Well, we relaxed at the Buttonboss Lodge Sunday morning eating biscuits (cookies) and drinking coffee until the Edradour Distillery opened at noon. Edradour is pronounced with the 'dour' part sounded out like the word 'our' or 'sour'. Anyway... Finally! We get to see the place. The tour was very interesting. They do everything by hand here. After buying your tickets, you walk to the cafe where you can have coffee and read about the distillery as you wait. You can get more information about the process from the link I provided above. I actually had to reference it a bit to remember some of the terms...
You are then led to a room that used to be where the malting took place. They now have this done off-site. Anyway, in that room you get to taste a couple of whiskeys while watching a video about the distillery. It's about 8 minutes long, so as our tour guide said, "You have 4 minutes for each whiskey." The woman at the ticket desk suggested that I grab the liqueur because you also get a whiskey. Instead of tasting two types of whiskey, you get to also try the liqueur. I did this and also recommend it.
After malting, the barley is ground into a flour known as grist and then mixed with spring water piped from local springs to begin the process of converting it to sugars. The result is called "wort" and is then sent to the Morton Refrigerator (which is ancient) to be cooled.
Once it's cooled, it goes to one of their 6,000 litre pine washbacks where the yeast is added so that fermentation can begin to convert the sugar into alcohol (they say it takes about 56 hours).
To separate the water from the alcohol, the wash is piped into the stills where the liquid is heated to turn the alcohol into a vapor. The vapor is condensed back into a liquid by sending it through the 'worm', which is a coil submerged in cold water. Now it's called, 'low wines' and is about 23% ABV. It's then sent through the second still where it becomes 'spirit' at about 69% ABV. Are you keeping up?
It's later tested for strength and then stored in oak casks imported from various countries around the world. The oak cask allows it to breathe, but also about 25% is lost throughout the 8-26 years they are stored. The staff there call this "the Angels share" and feel it would be unfair to deprive them. :o)

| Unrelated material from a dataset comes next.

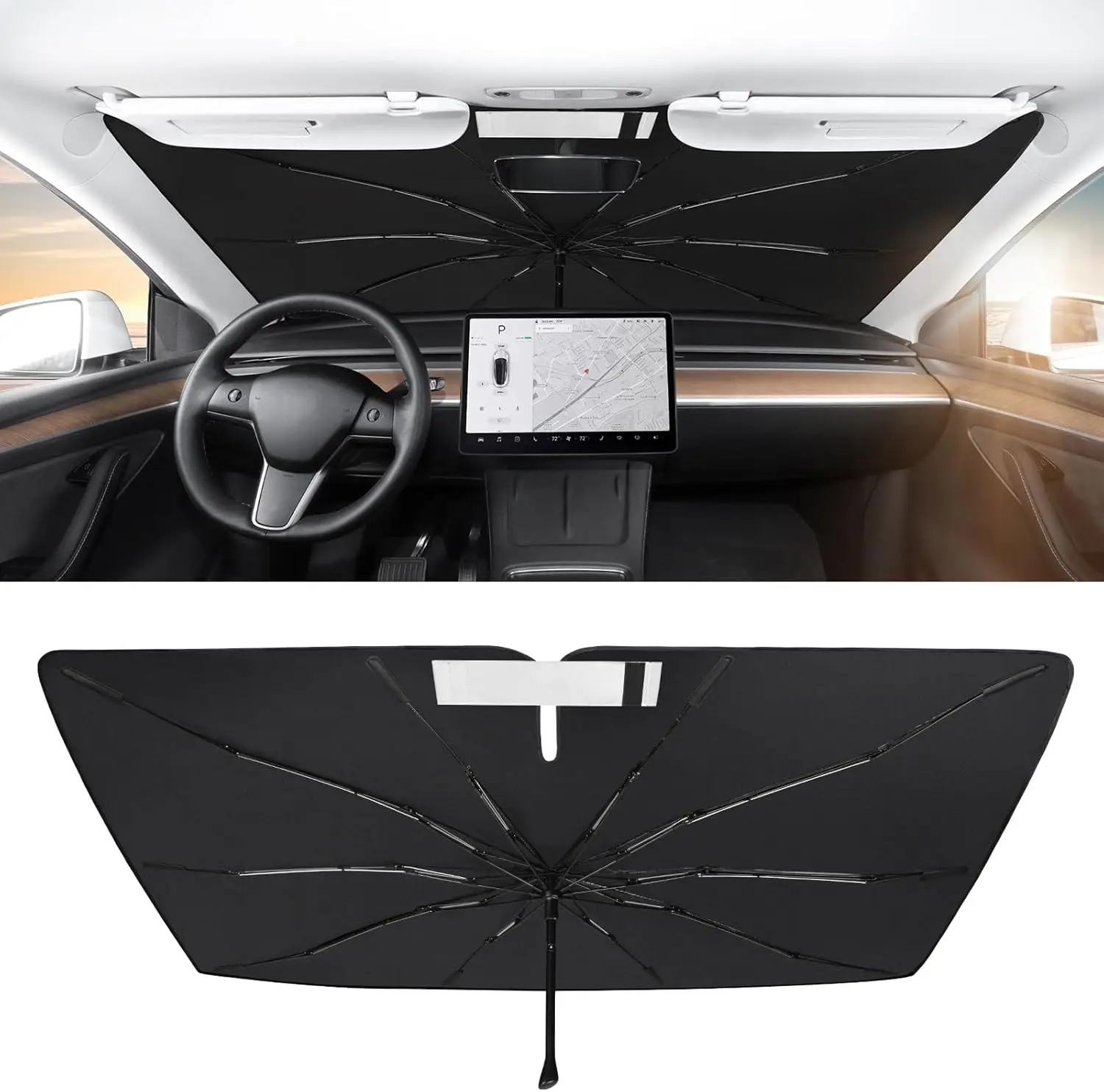 2017-2026 Tesla Model Y Model 3 Windshield Sunshade Umbrell - Nano Ice Crystal
2017-2026 Tesla Model Y Model 3 Windshield Sunshade Umbrell - Nano Ice Crystal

We ended the tour in the shop where the guide explained the types of whiskey available there. Steve and I left with about £200 of whiskey. Why not? The Edradour Distillery doesn't sell their whiskey in many shops, so our only chance to obtain it is in their shop. We decided then that missing out the day before actually worked out perfectly because hiking back with that much (and that expensive of) whiskey would have been .. uncomfortable.